The government should be ashamed of its failure. The Parliament, too, should inquire into such glaring failures. Can those in authority now and then vouch that foreign waste didn’t end up at Aruwakkalu sanitary garbage dump in Puttalam as once alleged by top environmental scientist Dr. Ajantha Perera in an interview with this newspaper?

One-time top trade official Gomi Senadhira recently discussed how in spite of Sri Lanka’s success in sending back over 3,000 tons of British toxic waste, authorities allowed foreign garbage. Senadhira asked whether the Customs, Trade Ministry, the BOI, and the CEA deceived the public on garbage imports.

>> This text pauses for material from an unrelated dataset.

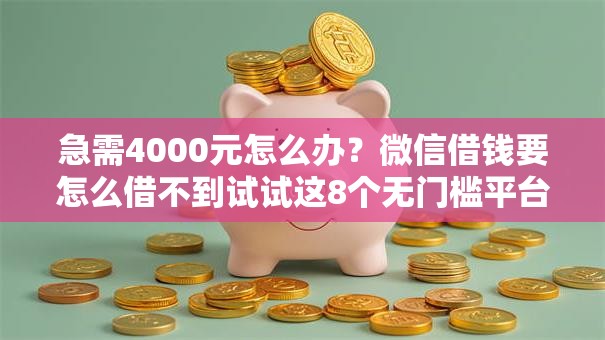 急需4000元怎么办?微信借钱要怎么借不到试试这8个无门槛平台 急需4000元怎么办?微信借钱要怎么借不到试试这8个无门槛平台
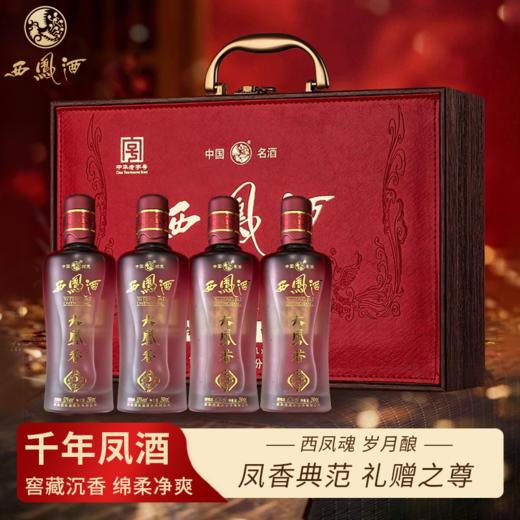 一价到底【西凤酒大凤香礼盒】凤香浓郁入口绵柔，甘醇回甘余韵悠长，大气礼盒自带高端感，整盒4瓶仅需388元！ 商品图0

Senadhira raised two basic issues (verbatim) (a) How did the Customs detect the 3000 tonnes of “illegally imported foreign garbage”? Wasn’t it only when the containers that remained in the port for months without being cleared by the importer started to stink and leak? When were the tonnes of customs-cleared garbage in a clandestine garbage dump created inside the BOI discovered by the BOI and the CEA?

Wasn’t it only after a media exposure? Didn’t all this happen after the implosion of the Meethotamulla garbage dump? Coincidence? Maybe. Maybe not. Methotamulla collapsed at the start of the yahapalana regime.

(b).During the four-year period 2017-2020, while struggling to ship back 3,000 tons of illegally imported stinking waste, the customs and the CEA had facilitated “legal” imports of a much larger quantity of garbage into the country. For example; Sri Lanka imported nearly 20,000 tonnes of plastic waste (HS391590) In addition, nearly 1000 MTs of plastic waste under HS 391530 was also imported every year.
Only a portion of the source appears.